Add the kimchi and shiitake mushrooms to the broth. Bring to a boil again, then cover and turn down to a simmer. Cook for another hour.
Strip the meat off the ham hock and shred or chop. Add to the soup along with the green onions, bean sprouts, and roast pork. Stir and simmer for another 10-15 minutes, until the green onions are wilted.

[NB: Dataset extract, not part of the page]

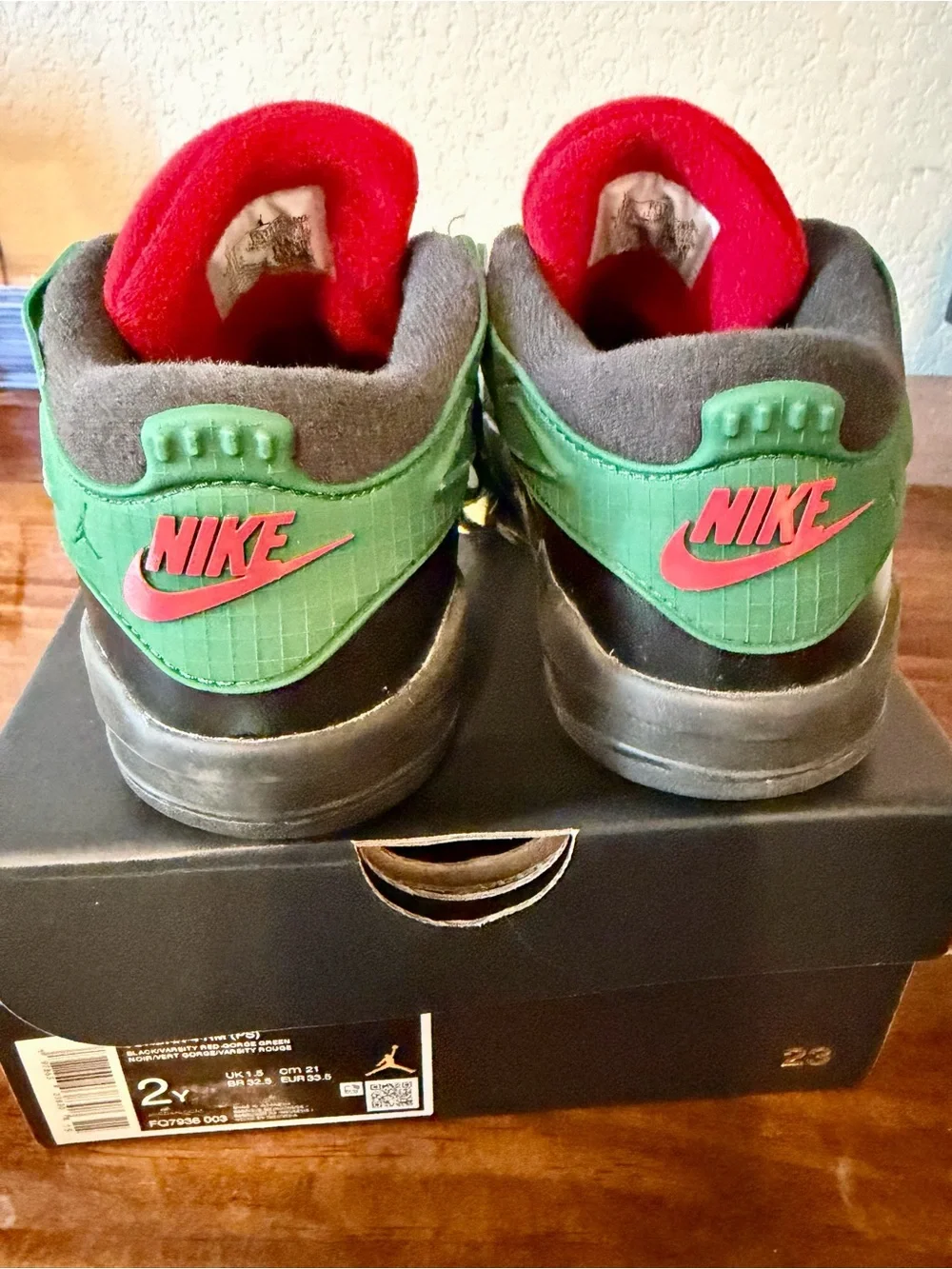 Jordan 4 RM Boys' Black & Green Jumpman Sneakers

Serve extra hot in big bowls.



May 17, 2013 at 11:02 am

Jan 22, 2013 @ 13:05:40
Jigae is quickly becoming one of my favorite foods ever (the al jigae, or pollock roe version in particular). I’m pretty tempted to buy the little crockery bowls it’s served in at Korean restaurants, and I found a source of the extra-soft tofu. Armed with this, your trailblazing, and what feels like eight pounds of napa kimchi, I think I might be ready to make this for myself! Looks so delicious…
Jan 22, 2013 @ 13:08:17
Awesome! It’s an easy dish to make, too.
Jan 29, 2013 @ 16:56:11
My dad spent 18 months in S. Korea and there he discovered kimchi. He LOOOOOVED it. My mother hated it, because when he would get some he’d leave it in the fridge for months, and the smell would pervade all the other food.
Feb 04, 2013 @ 10:15:24
*laughing* Try making it yourself! I’m glad that my husband and 2 out of 3 kids like it, and I have it in a tight-fitting jar!
Feb 06, 2013 @ 15:38:05
Hey, check this out! That fermentation jar is just a recycled jar with a hole in the top and a $.79 airlock. I IMMEDIATELY thought of you – I wonder if it would address the “crawling across the table” issue?
Sadly, I still have not made kimchi again, because I forgot that giant bag of chili powder at your house. But I plan to stage another Denver Metro Ethnic Grocery Raid (this time for myself, not for catering) in late March, and after that, I am on my way!